My friend (45) is at the end of his tether and now keeps saying he doesn’t know how he can go on. He works in construction. He rents a small one bed apartment. He has three children. One is an adult, and the other two are young teenagers that he pays maintenance for. He also has his grandfather in a care home/sheltered accommodation (not sure which) who he has to pay rent for. So he’s essentially paying his rent, his grandfather’s rent and child maintenance. He has a car that has broken down and he can’t afford to replace. He keeps doing temporary fixes on it but they don’t last as the car is on its last legs. He has bills coming in, can barely afford to eat, and can’t sleep from the stress.
This morning he contacted me saying he doesn’t know how to continue, said something about bailiffs and he felt sick with stress. I’m so worried about him. He was suicidal when his previous relationship broke down and his ex moved abroad with his two younger children, and he attempted twice to kill himself. I’m worried he seems to be heading to that place again but don’t know how to help him. I’ve given him money to help pay bills where I can but I can’t afford to keep doing this myself.
Can anyone advise me on any financial support he/his grandfather may be entitled to to help with his living costs/rent as the burden of this seems to be the area that is really adding strain to my friend. He says he looked into financial support for him before but there was nothing available, which seems crazy.

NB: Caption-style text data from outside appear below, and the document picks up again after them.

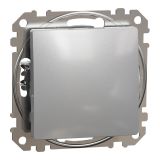 Електрически ключ лихт бутон, 10A, 250VAC, алуминий, за вграждане, Sedna, SDD113116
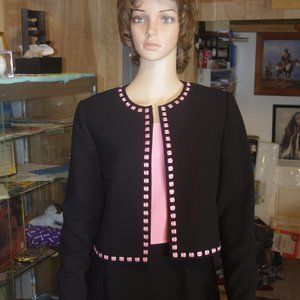 MICHELLE ANTONELLI- SIZE 6, COLOR- BLACK AND PINK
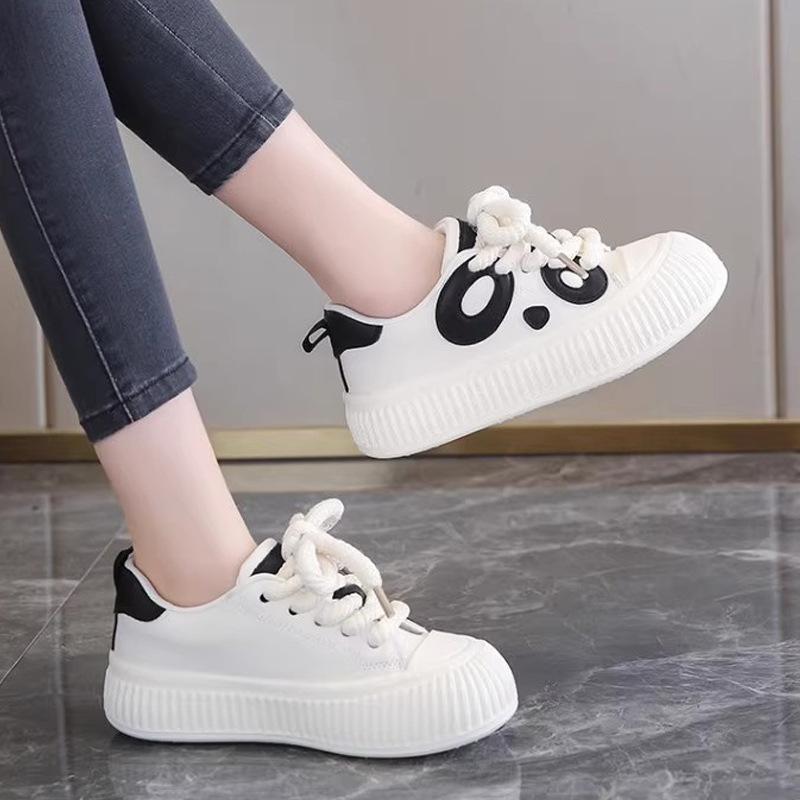 

Женская обувь, удобная обувь, новые осенне-зимние черно-белые туфли D Lites Spring Platform Sports Board Shoes для женщин 40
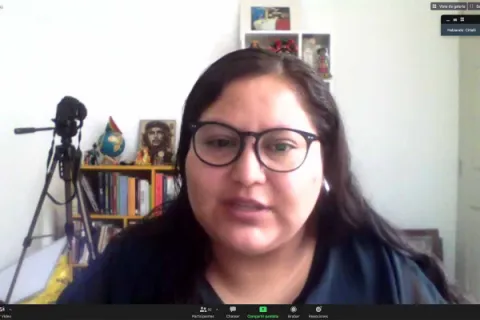 Captura de pantalla de la sesión virtual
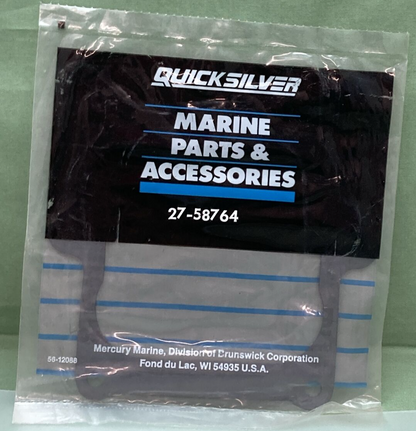 New GENUINE QUICKSILVER 27-58764 ADAPTOR TO EXHAUST MANIFOLD GASKET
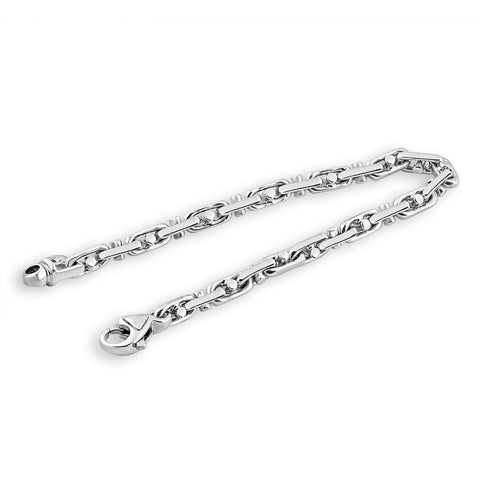 Men's Solid Designer Mariner 14k Gold (27gram) or Platinum (43gram) 6mm Link Bracelet 8.5"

His grandfather has no assets or income other than his state pension. His grandfather has two children and then a number of grandchildren, but due to childhood abuse, my friend was brought up by his grandparents, doesn’t see his mother (grandfather’s daughter) and he doesn’t seem to have any relationship with anyone else in the family. I’ve asked why the burden of his grandfather’s rent is solely on my friend but he always shuts down when we talk about his family so I have no answers regarding that.
Can anyone advise me on anything that may help my friend. Thank you.